ChiSquared: Chi-Squared Distribution Class

Description

Mathematical and statistical functions for the Chi-Squared distribution, which is commonly used to model the sum of independent squared Normal distributions and for confidence intervals.

Value

Returns an R6 object inheriting from class SDistribution.

Constructor

ChiSquared$new(df = 1, decorators = NULL, verbose = FALSE)

Constructor Arguments

Argument Type Details
df numeric degrees of freedom.

decorators Decorator decorators to add functionality.
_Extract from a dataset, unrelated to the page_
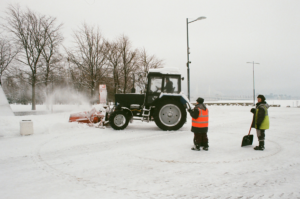 two men standing by snow removal tractor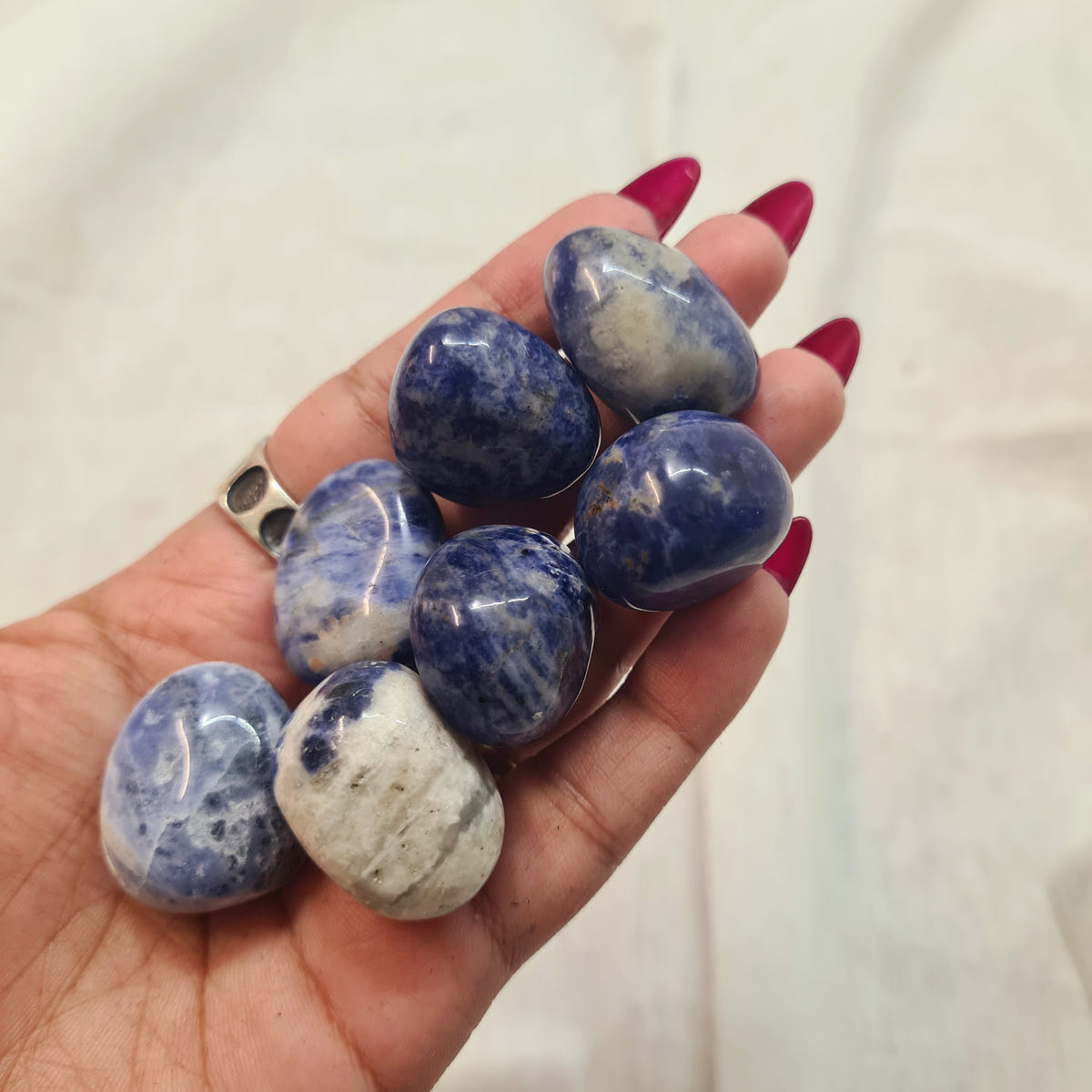 Hand holding smooth sodalite tumbles with deep blue, white and cream mineral patterns.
See details.

Constructor Details

The Chi-Squared distribution is parameterised with df as a positive numeric.

Public Variables

Variable Return
name Name of distribution.
short_name Id of distribution.
description Brief description of distribution.

Public Methods

Accessor Methods Link
decorators() decorators
traits() traits
valueSupport() valueSupport
variateForm() variateForm
type() type
properties() properties
support() support
symmetry() symmetry
sup() sup
inf() inf
dmax() dmax
dmin() dmin
skewnessType() skewnessType
kurtosisType() kurtosisType

Statistical Methods

Link
pdf(x1, ..., log = FALSE, simplify = TRUE) pdf
cdf(x1, ..., lower.tail = TRUE, log.p = FALSE, simplify = TRUE) cdf
quantile(p, ..., lower.tail = TRUE, log.p = FALSE, simplify = TRUE) quantile.Distribution
rand(n, simplify = TRUE) rand
mean() mean.Distribution
variance() variance
stdev() stdev
prec() prec
cor() cor
skewness() skewness
kurtosis(excess = TRUE) kurtosis
entropy(base = 2) entropy
mgf(t) mgf
cf(t) cf
pgf(z) pgf
median() median.Distribution
iqr() iqr
mode(which = "all") mode

Parameter Methods

Link
parameters(id) parameters
getParameterValue(id, error = "warn") getParameterValue
setParameterValue(..., lst = NULL, error = "warn") setParameterValue

Validation Methods

Link
liesInSupport(x, all = TRUE, bound = FALSE) liesInSupport
liesInType(x, all = TRUE, bound = FALSE) liesInType

Representation Methods

Link
strprint(n = 2) strprint
print(n = 2) print
summary(full = T) summary.Distribution

Details

The Chi-Squared distribution parameterised with degrees of freedom, \(\nu\), is defined by the pdf, $$f(x) = (x^{\nu/2-1} exp(-x/2))/(2^{\nu/2}\Gamma(\nu/2))$$ for \(\nu > 0\).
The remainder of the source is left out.